Allontanato da Belluno e turbato anche a livello personale, don Cappello trova conforto a Lourdes, dove nel 1913 matura la decisione di entrare nella Compagnia di Gesù. Per padre Felice Maria Cappello, ormai gesuita, sono gli anni del ritorno all’insegnamento, prima al Pontificio Collegio Leoniano di Anagni e in seguito alla Pontificia Università Gregoriana, e della fama nazionale ed internazionale come canonista e giurista, del quale studenti, monsignori di Curia e dei Dicasteri vaticani apprezzano unanimemente l’abilità «di fare subito sintesi e poter rispondere sui casi più diversi […] in modo da generare sicurezza e pace nell’interpellante» (Francesco Occhetta, Padre Felice Maria Cappello. Il gesuita della misericordia, Gorle, Editrice Velar, 2016, p. 24).
A livello popolare – e non solo –, però, straordinaria notorietà gli deriva dai quarant’anni trascorsi come confessore nella chiesa di Sant’Ignazio di Loyola a Roma. Per tutti è “il confessore di Roma”, un appellativo ripreso anche dal titolo della biografia che ne fa il confratello Domenico Mondrone (La Civiltà Cattolica, 1963). Tanto è straordinario per erudizione e per chiarezza intellettuale quanto padre Cappello coltiva nell’umiltà la vita sacerdotale: battezzare, distribuire l’Eucaristia, visitare gli ammalati in ospedale e in casa, sempre con i mezzi pubblici, pregare incessantemente, soprattutto il Rosario, e assolvere dai peccati. Tanto più misericordioso verso chi più sbaglia.
Ed è nel confessionale che vengono ad incontrarlo sacerdoti, religiosi, religiose e semplici fedeli. Ma non solo: gli fanno appostamenti dentro e fuori dalla Gregoriana, lo attendono per le strade, lo cercano nei luoghi e negli orari più inappropriati. Anche vescovi e cardinali, si dice. Tanto che per un certo tempo si prova anche a far prendere il numero per gestire la fila al confessionale: ne vengono qualche discussione e affari inediti per i bagarini. Nel 1950 lo stesso padre Pio da Pietrelcina, già circondato da straordinaria fama di confessore e di taumaturgo, indirizza i propri penitenti romani a padre Cappello.

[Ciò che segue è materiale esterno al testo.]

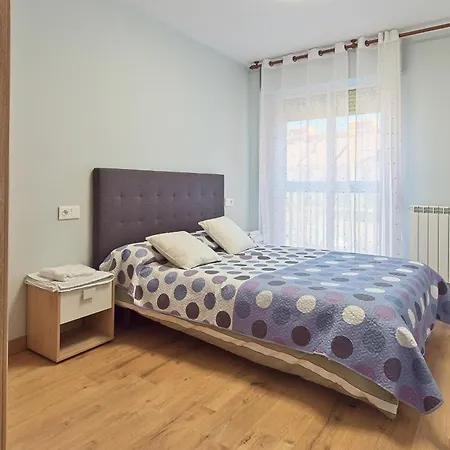 Vivienda Turistica Osiris *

Attorno al quale, intanto, si moltiplicano le “stranezze”: il dono di leggere subito ed in profondità l’anima dei penitenti ed apparenti episodi di preveggenza non si contano e trovano riscontri non soltanto nella semplicità popolare.

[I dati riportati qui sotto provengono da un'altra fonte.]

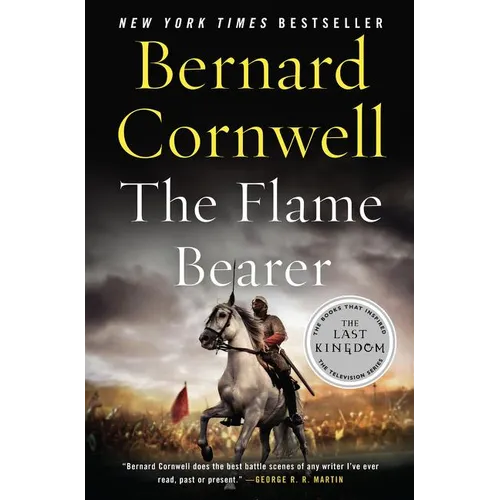 The Flame Bearer - Paperback
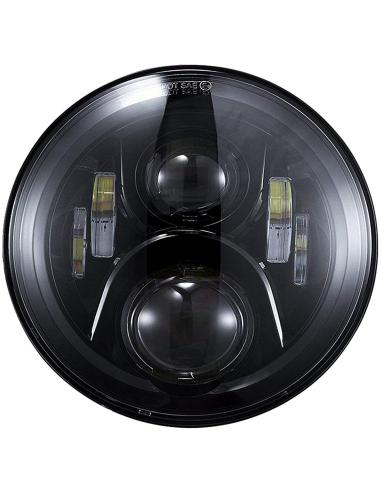 LED EVOLUTION II LENTE PARA FARÓIS DE 7 POLEGADAS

Padre Felice Maria Cappello muore il 25 marzo 1962, in una Roma ormai divenuta anche “sua”. Al funerale si contano 20 mila persone, che a gran voce lo reclamano di nuovo a Sant’Ignazio. E a Sant’Ignazio padre Cappello c’è, sepolto accanto al suo confessionale, all’interno del quale sono esporti una sua stola e gli ex voto delle grazie ricevute. Un luogo attorno al quale, per quattro decenni, si sono radunate miserie, speranze, peccati e insensatezze di credenti e non, romani e non. Le stesse che caratterizzano sempre più anche l’attuale società europea.